On May 7, the Financial Stability Oversight Council (FSOC) will meet in open session to consider ways to increase its transparency. We applaud the FSOC for focusing on this important issue. Boosting the Council’s transparency would be an important step in increasing its effectiveness. The Dodd-Frank Act assigned significant responsibility to the FSOC to identify and respond to risks and emerging threats to the financial stability of the United States, while also promoting market discipline. To carry out these responsibilities, the FSOC was provided important tools, including the authority to make policy recommendations to regulators, the ability to more quickly share data and information between regulators, and the power to designate any non-bank financial institution as systemically important. Given these critical mandates, it is important that both stakeholders and the broader public understand the actions and deliberations the FSOC is undertaking.
The Financial Regulatory Reform Initiative’s recent report entitled Dodd-Frank’s Missed Opportunity: A Road Map for a More Effective Regulatory Architecture made several key recommendations for increased FSOC transparency. Specifically, the report recommends that the FSOC should:
- Release additional details about the closed-door conversations that occur during their regular meetings, much like the Federal Reserve Board (Fed) does when it releases detailed minutes from the its Federal Open Markets Committee (FOMC) meetings;
- Commit to use more open forums to discuss FSOC business in greater detail;
- Create a process for better communicating its discussions to the public;
- Utilize advisory committees as authorized under Dodd-Frank and as envisioned by the FSOC’s 2010 Dodd-Frank implementation plan;
- Perform economic impact assessments on non-bank SIFI designations;
- Improve its strategic-planning and performance-measurements systems; and
- Assign accountability for monitoring recommendations made in the Council’s annual reports.
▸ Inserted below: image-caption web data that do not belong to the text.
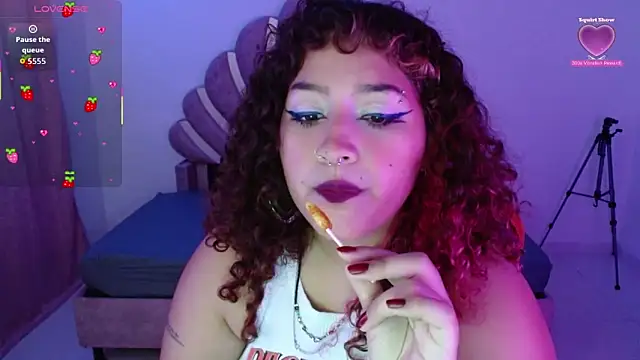 BlueeVelvet online show from 17, 10, 2025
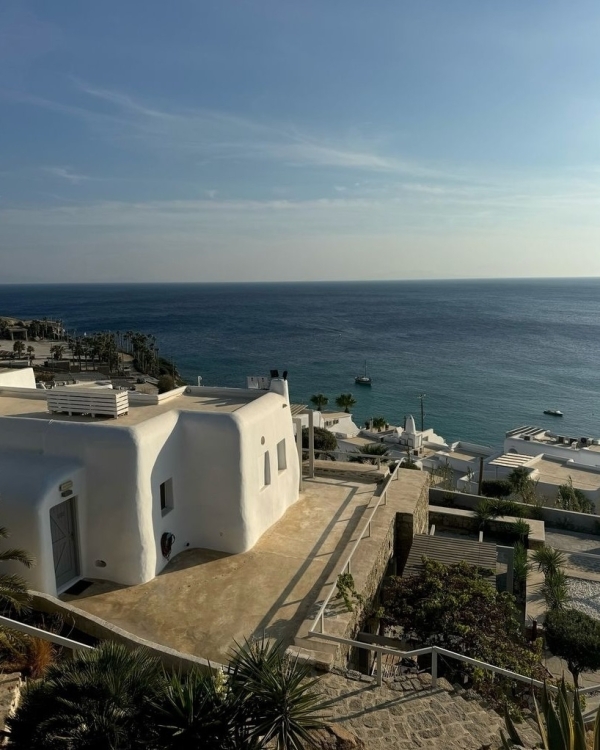 I am my own best company. Куда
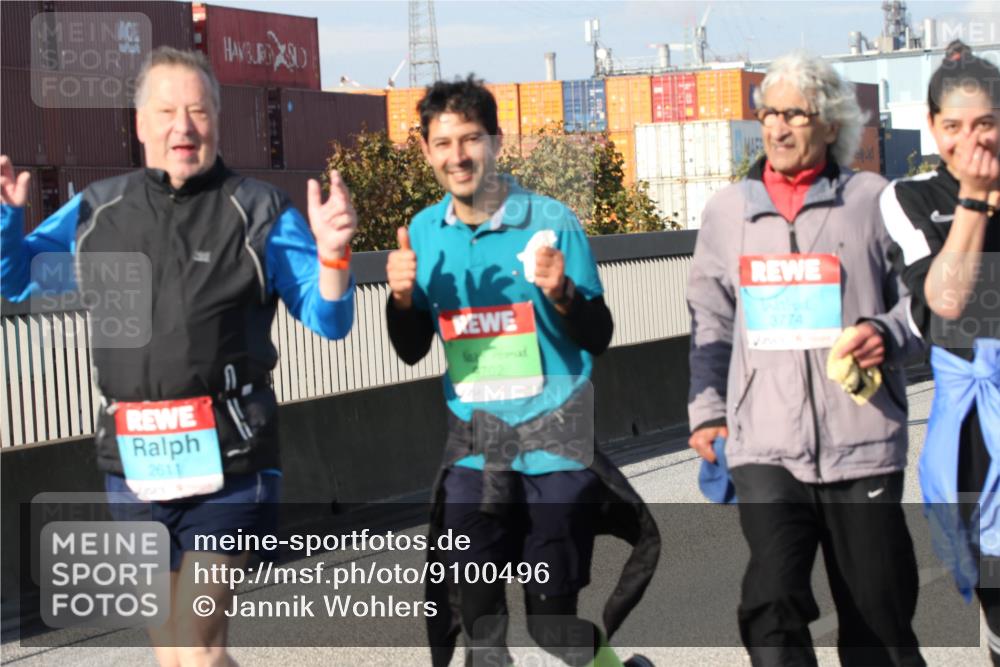 03.10.2025 - Köhlbrandbrückenlauf Jannik Wohlers http://msf.ph/oto/9100496 03.10.2025 10:29:21 Position 3 2611, 377 meine-sportfotos.de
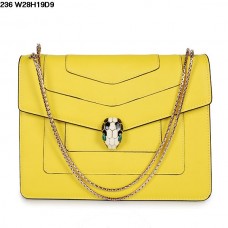 Torba Bvlgari Serpenti GM ze skóry cielęcej w kolorze żółtym Torba Bvlgari Serpenti GM ze skóry cielęcej w kolorze żółtym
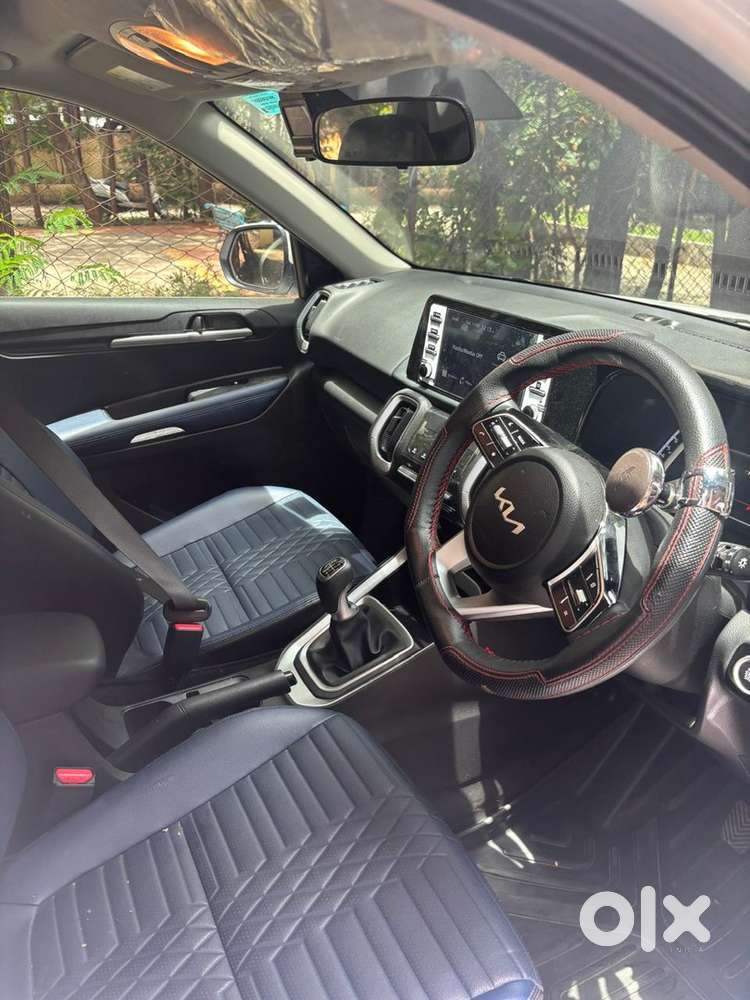 Kia Sonet Petrol Automatic 2025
While the FSOC clearly cannot release all the sensitive financial information that it discusses, it can and should release additional details about its closed-door conversations. This would follow the precedent set by the Fed’s FOMC, which releases detailed minutes three weeks after each meeting. For many years, there was a debate about whether the Fed could increase its transparency while also discussing market sensitive information. The Fed was able to do just that, enhancing its transparency while also preserving its integrity and increasing the flow of information to the market, investors, and the general public. Given the Fed’s success in boosting transparency, we hope and expect that the FSOC can follow the same model.
If the FSOC can increase its transparency, it will serve to strengthen the body in the long-run and help it accomplish its critical mission.